From 7c263392ab3dadc373c74031fa80d6c5a19ddde3 Mon Sep 17 00:00:00 2001
From: Josh Fromm <jwfromm@meta.com>
Date: Fri, 3 Jan 2025 15:18:06 -0800
Subject: [PATCH] Fuse output zero fill into grouped gemm kernel setup (#3537)

Summary:
Pull Request resolved: https://github.com/pytorch/FBGEMM/pull/3537

X-link: https://github.com/facebookresearch/FBGEMM/pull/624

During E2E evaluation we found that the kernel launch overhead of having to fill the output with zeros, then separately initialize the grouped gemm args was noticeably impacting performance. This diff fuses the two together. I believe the output initialization is done pretty efficiently here but am open to feedback!

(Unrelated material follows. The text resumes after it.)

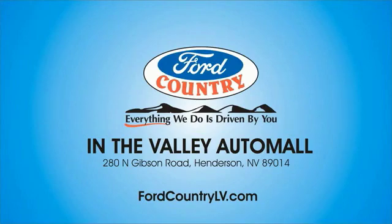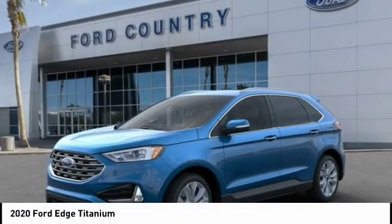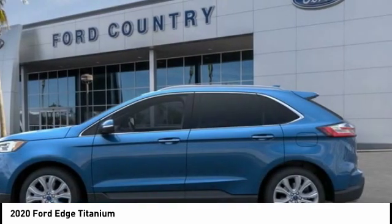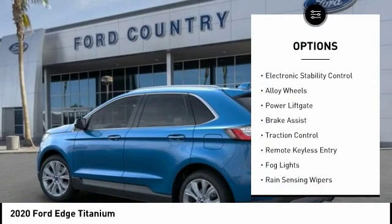Visit Ford Country in the Valley Auto Mall today and take a ride in the 2020 Ford Edge. With more power and MPG, either way you're in for an exhilarating experience with the Ford Edge.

In microbenchmarks, there does not appear to be any regression from this change.

Reviewed By: jianyuh

Differential Revision: D67777269

fbshipit-source-id: f4bf0bd7ab1ff05a7c4f56b32c5766c6be8f4b3d
---
 .../fp8_rowwise_grouped_gemm.hip              | 63 ++++++++++++++-----
 1 file changed, 48 insertions(+), 15 deletions(-)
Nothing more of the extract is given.